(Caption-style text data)
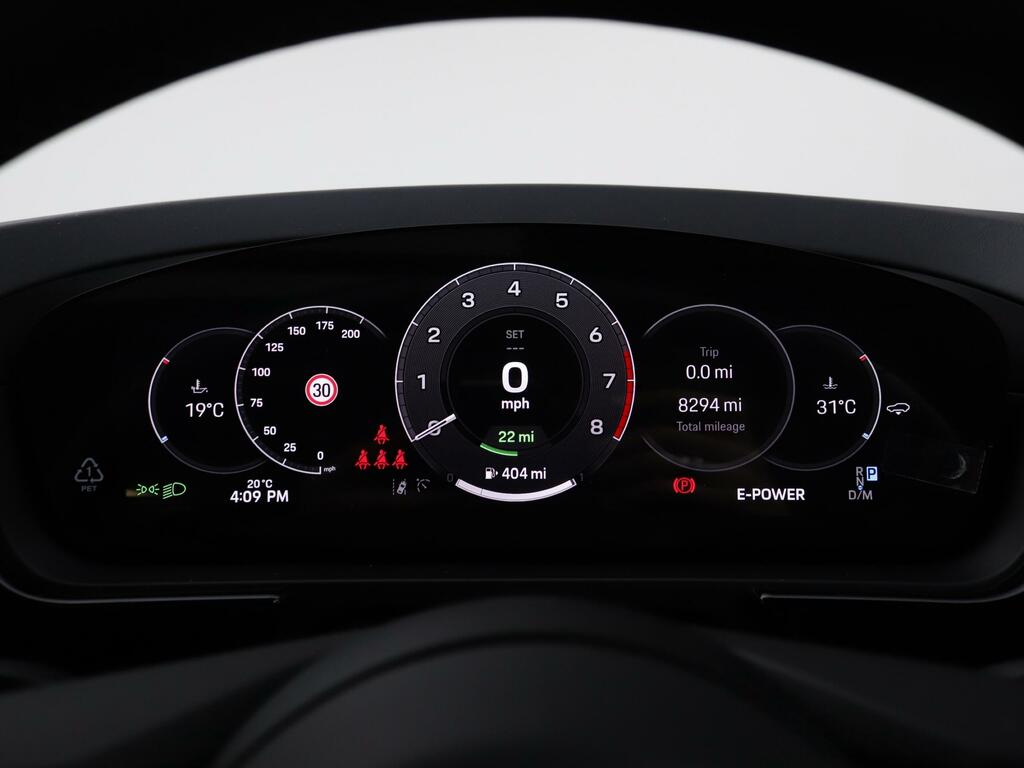 Porsche Cayenne V6 Platinum Edition  #16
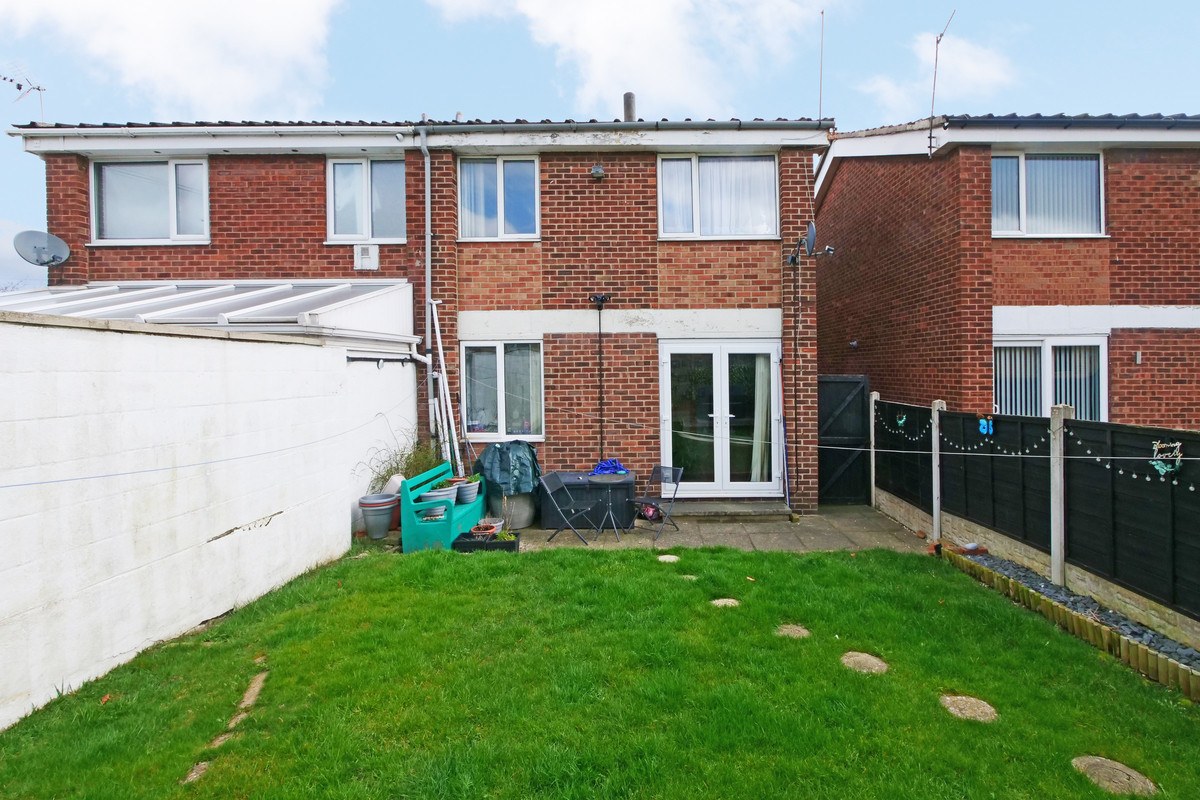 145 Chequers, Close, Pontefract WF8 2TF, photo 3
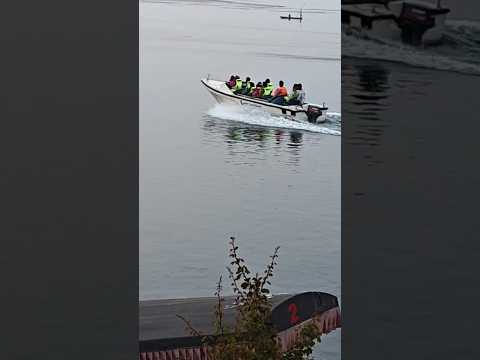 Sham bhi khub hai | evening time masti | Boating | river | Sunday | hindi songs | #boat #trending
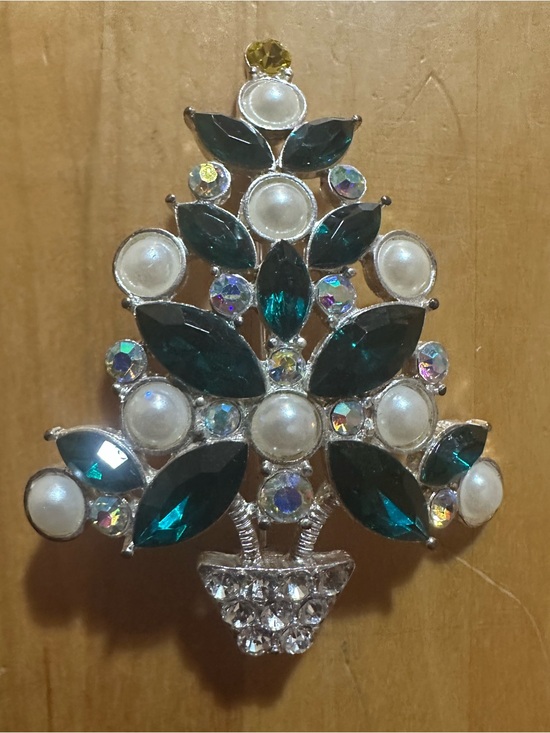 Avon Jewelry - Avon 2011 Christmas Tree Brooch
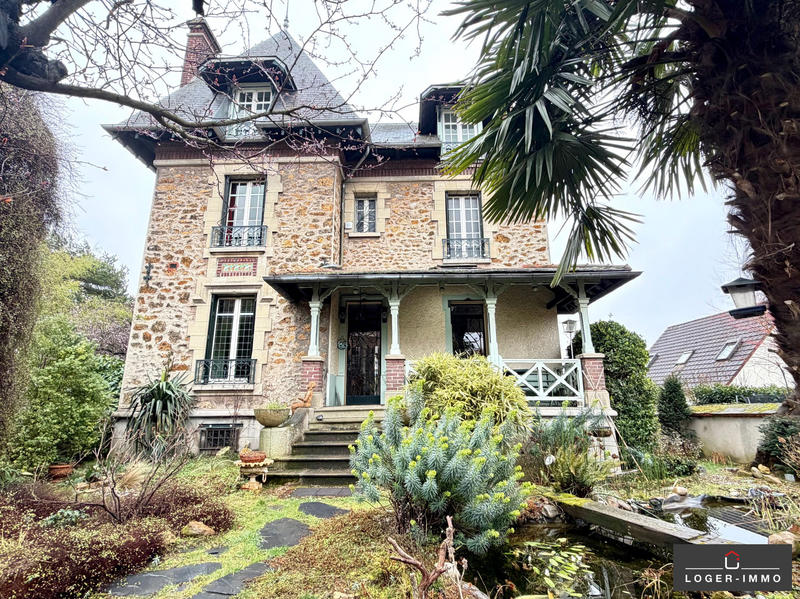 Maison - 210 m² - 10 pièces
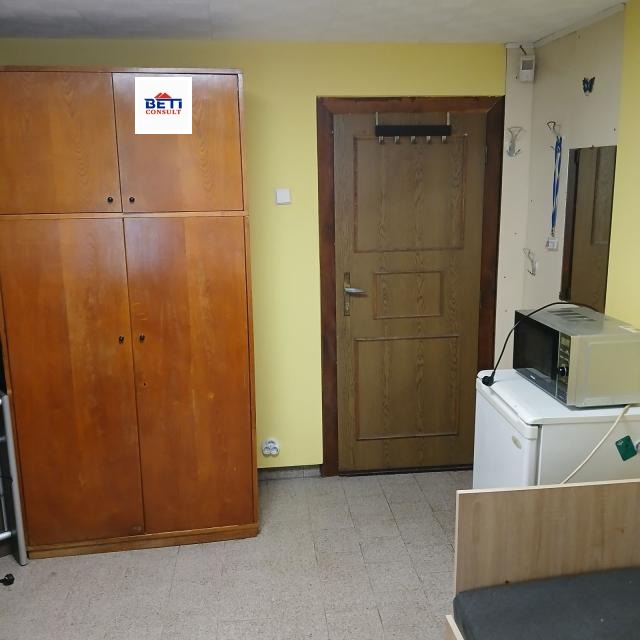 Дава под наем СТАЯ, гр. София, Зона Б-18, снимка 5 - Стаи под наем - 54461624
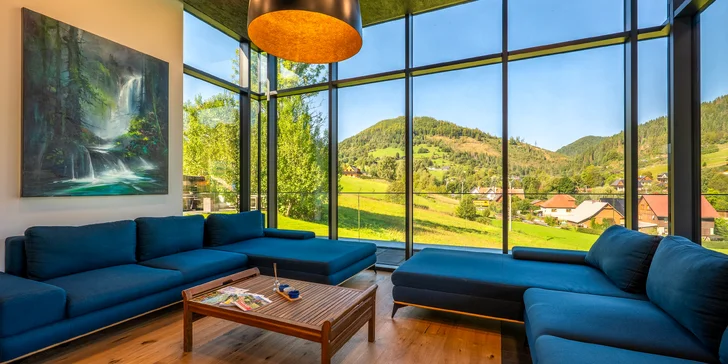 Moderní vila v přírodě Malé Fatry: panoramatické výhledy, terasa, krb, sportoviště i privátní wellness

= About this task =
Only the lines from the one holding "145 Chequers, Close, Pontefract" through the end of the records belong in the answer, copied exactly and without pictures.

= Written response =
 145 Chequers, Close, Pontefract WF8 2TF, photo 3
 Sham bhi khub hai | evening time masti | Boating | river | Sunday | hindi songs | #boat #trending
 Avon Jewelry - Avon 2011 Christmas Tree Brooch
 Maison - 210 m² - 10 pièces
 Дава под наем СТАЯ, гр. София, Зона Б-18, снимка 5 - Стаи под наем - 54461624
 Moderní vila v přírodě Malé Fatry: panoramatické výhledy, terasa, krb, sportoviště i privátní wellness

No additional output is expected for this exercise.